I picked up 35 Knitted Baby Blankets for the Nursery, Stroller and Playtime by Laura Strutt at my favorite knitting store Wool & Grace, and chose a pattern for a cream blanket–the color of the crochet edge tbd (to be determined). I hadn’t cabled since college, but it came back quickly. I love how this blanket turned out. New mommy loves it also. Yay!

Darling Baby Boy with his new blanket.

Sources: 35 Knitted Baby Blankets by Laura Strutt, Wool & Grace

Handsome Knit Men’s Scarf

No-Purl Ribbed Scarf
No-Purl Ribbed Scarf.

I used Merino Superwash so this scarf would be easy to wash and dry.
I used Merino Superwash so this scarf would be easy to wash and dry.

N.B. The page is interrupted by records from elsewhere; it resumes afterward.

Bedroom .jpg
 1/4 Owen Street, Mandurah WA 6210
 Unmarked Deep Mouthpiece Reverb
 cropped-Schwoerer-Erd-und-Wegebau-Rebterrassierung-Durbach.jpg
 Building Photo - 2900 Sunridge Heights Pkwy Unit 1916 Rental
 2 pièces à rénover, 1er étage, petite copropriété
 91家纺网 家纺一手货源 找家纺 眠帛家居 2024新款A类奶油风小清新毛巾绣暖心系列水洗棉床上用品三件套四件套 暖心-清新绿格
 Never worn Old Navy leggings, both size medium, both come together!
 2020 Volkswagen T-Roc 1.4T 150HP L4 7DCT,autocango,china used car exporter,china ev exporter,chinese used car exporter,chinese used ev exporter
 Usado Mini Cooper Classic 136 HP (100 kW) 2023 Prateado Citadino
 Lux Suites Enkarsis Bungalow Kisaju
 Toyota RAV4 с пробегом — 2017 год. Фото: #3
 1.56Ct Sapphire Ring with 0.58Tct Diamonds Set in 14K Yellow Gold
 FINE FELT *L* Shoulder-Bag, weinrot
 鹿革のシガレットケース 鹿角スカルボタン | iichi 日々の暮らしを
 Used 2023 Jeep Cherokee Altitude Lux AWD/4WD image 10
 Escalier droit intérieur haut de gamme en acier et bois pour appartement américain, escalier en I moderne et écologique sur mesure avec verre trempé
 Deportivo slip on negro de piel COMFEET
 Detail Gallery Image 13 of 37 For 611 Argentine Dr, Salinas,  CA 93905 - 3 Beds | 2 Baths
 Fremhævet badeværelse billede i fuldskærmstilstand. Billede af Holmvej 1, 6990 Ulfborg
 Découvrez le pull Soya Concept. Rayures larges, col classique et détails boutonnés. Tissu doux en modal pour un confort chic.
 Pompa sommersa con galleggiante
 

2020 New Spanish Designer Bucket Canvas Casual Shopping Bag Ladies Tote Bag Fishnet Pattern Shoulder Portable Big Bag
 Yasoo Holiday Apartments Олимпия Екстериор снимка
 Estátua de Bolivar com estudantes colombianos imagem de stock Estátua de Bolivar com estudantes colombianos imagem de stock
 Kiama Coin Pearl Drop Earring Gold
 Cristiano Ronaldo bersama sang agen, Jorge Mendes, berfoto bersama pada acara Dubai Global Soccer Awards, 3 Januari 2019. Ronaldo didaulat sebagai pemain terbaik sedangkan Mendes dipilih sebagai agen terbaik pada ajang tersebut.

Inspiration piece from pattern posted on Ravely.
Inspiration piece shown with the pattern.

Cartridge Belt Rib

Searching for a handsome, masculine scarf, I found this pattern on Ravelry where credit is given to Purl Soho, a gorgeous yarn shop in Manhattan. This purl-less stitch is known as the Cartridge Belt Rib and is considered a classic stitch pattern. Purl Soho says,

This robust rib stitch produces prominent columns of elongated knit stitches separated by broad valleys of dense texture. The juxtaposition is not only fascinating; it’s beautiful too.

Happy knitting, hon.
MATERIALS:

Suggested on pattern–4 (5) skeins of Purl Soho’s Alpaca Pure, 100% alpaca. I used Sueno Worsted by HiKoo’s Merino Superwash, color Evergreen.
US #8 straight or circular needles – 5.0mm

YARDAGE:  436 – 545 yards (399 – 498 m)
GAUGE:  22 stitches = 4 inches in stitch pattern

FINISHED SCARF SIZE:  8 ½ inches wide x 64 (80) inches long

NOTES:

Slip all slipped stitches purl-wise.

This stitch pattern is worked over a multiple of 4 + 3 stitches.

PATTERN
Cast on 47 stitches.

Row 1: K3, *slip 1 wyif (with yarn in front), k3, repeat from * to end of row.

Row 2: K1, *slip 1 wyif, k3, repeat from * to last 2 stitches, slip 1 wyif, k1.

Repeat Rows 1 and 2 until piece measures 64 (80) inches from cast on edge or until desired length, ending with Row 2.

Bind off in a k3, p1 rib. Here’s how… K2, slip the first stitch over, k1, slip the first stitch over, *p1, slip the first stitch over, [k1, slip the first stitch over] 3 times, repeat from * to end of row.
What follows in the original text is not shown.